Como poderia um homem matar o pai e casar-se com a mãe? O mito é aqui o real, de mecânica implacável e límpida, direta, que no entanto surpreende e frustra a expectativa.
Por se ter em mente um duplo do real, pensa-se que o curso das coisas deveria tomar outra direção que a tomada.
Alexandre Lacroix sugere que se imagina, por exemplo, que Laio deveria ter matado o filho ele mesmo ou mantido o menino no palácio sob vigilância.
Nem isso, pois o duplo, aqui oracular, não é um cenário alternativo rigorosamente construído, mas a ilusão de um duplo, uma simples nuvem (nuée).
Ao dizer que as coisas deveriam ter sido diferentes, crê-se pensar algo, mas na verdade nada se pensa.
O duplo tem caráter evanescente e é sem conteúdo, e no entanto envolve o real em névoa e o esconde: é uma ilusão de pensamento e não um pensamento ilusório.
Alexandre Lacroix cita a frase de Le Réel et son double segundo a qual o destino existe, designando não o caráter inevitável do que acontece, mas seu caráter imprevisível, e pede que se explique o paradoxo.
No início do século XXI já quase não se crê no destino, ao menos não no sentido grego, e no entanto se admite de bom grado que o real é aquilo a que não se pode escapar: as causalidades se encadeiam com rigor e tudo o que advém é absolutamente necessário, mas ninguém é capaz de prever o que ocorrerá amanhã, em seis meses ou em cinco anos, de modo que tudo o que acontece é a um só tempo inevitável e desconcertante, tensão filosoficamente interessante.
Alexandre Lacroix pergunta se seria preciso ser onisciente, como o Deus de Leibniz, para que o futuro fosse transparente e o real deixasse de surpreender.
Exatamente: seria necessário um conhecimento exaustivo do real, mas este é tanto menos apreendido quanto mais se é assombrado por duplos, isto é, por ilusões de pensamento sem consistência.
Alexandre Lacroix observa que já não há oráculos, mas há previsões sobre o futuro, como a do médico que, após o sequenciamento do genótipo, anuncia predisposição à esclerose múltipla ou dada probabilidade de câncer, e pergunta se essas novas palavras oraculares geram ilusões e duplos.
Não, pois receber tal aviso médico e desconsiderá-lo não pertence ao que se chama pensamento do duplo, mas ao que Sartre denomina condutas de má-fé (mauvaise foi), e os avatares contemporâneos do duplo oracular se encontram antes nos comportamentos de fuga para a frente (fuite en avant).
Notícias de jornal contam o homem que mente aos próximos dizendo ter passado nos exames de medicina e se faz passar por brilhante cirurgião, o que costuma acabar mal, em prisão ou suicídio, e quem vive na dívida ou na impostura nutre esse pensamento do duplo, fazendo como se o real não existisse; a política do avestruz é do mesmo naipe.
A réplica de Esperando Godot, “Mas então, o que fazer? pergunta Vladimir.
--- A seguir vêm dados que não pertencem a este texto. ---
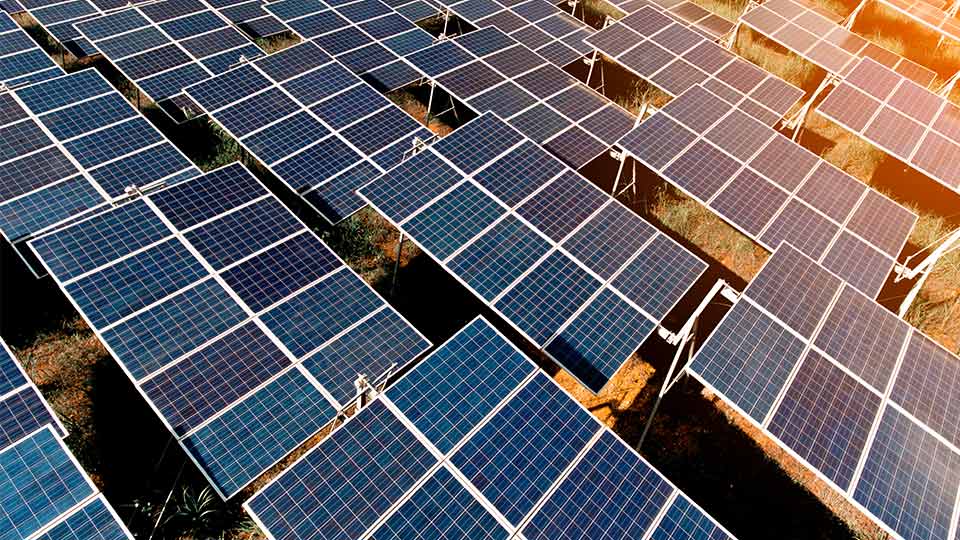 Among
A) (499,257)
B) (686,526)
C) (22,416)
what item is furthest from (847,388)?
(22,416)

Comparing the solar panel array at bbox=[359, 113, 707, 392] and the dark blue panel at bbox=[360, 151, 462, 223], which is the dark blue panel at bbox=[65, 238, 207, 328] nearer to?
the dark blue panel at bbox=[360, 151, 462, 223]

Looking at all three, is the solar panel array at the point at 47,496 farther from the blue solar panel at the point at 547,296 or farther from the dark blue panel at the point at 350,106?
the dark blue panel at the point at 350,106

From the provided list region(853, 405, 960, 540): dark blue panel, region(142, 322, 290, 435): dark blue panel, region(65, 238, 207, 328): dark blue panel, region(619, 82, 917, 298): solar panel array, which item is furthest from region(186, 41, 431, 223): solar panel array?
region(853, 405, 960, 540): dark blue panel

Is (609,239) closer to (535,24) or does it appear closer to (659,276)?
(659,276)

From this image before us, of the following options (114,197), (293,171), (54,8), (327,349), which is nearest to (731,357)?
(327,349)

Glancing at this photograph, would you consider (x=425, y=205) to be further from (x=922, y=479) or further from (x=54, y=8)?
(x=54, y=8)

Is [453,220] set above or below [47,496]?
above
Não façamos nada, é mais prudente, responde Estragon”, mostra que a inação é evidentemente imprudente, pois o real acaba por alcançar.
No duplo oracular, o real cobra sua revanche de modo que a parada contra o oráculo, fugir de Corinto ou mentir ao círculo próximo, se torna inelutavelmente o instrumento da ruína, e nisso o mito de Édipo tem dimensão irônica: o real emprega justamente as ações com que se tenta precaver contra ele para aniquilar.
Essa leitura não contradiz a psicanalítica nem a complementa, pois se situa em outra perspectiva: o mito serve de suporte a uma reflexão metafísica sobre o estatuto do real, quase uma categoria teológica, pois, como Deus, o real é onipresente e nada lhe falta.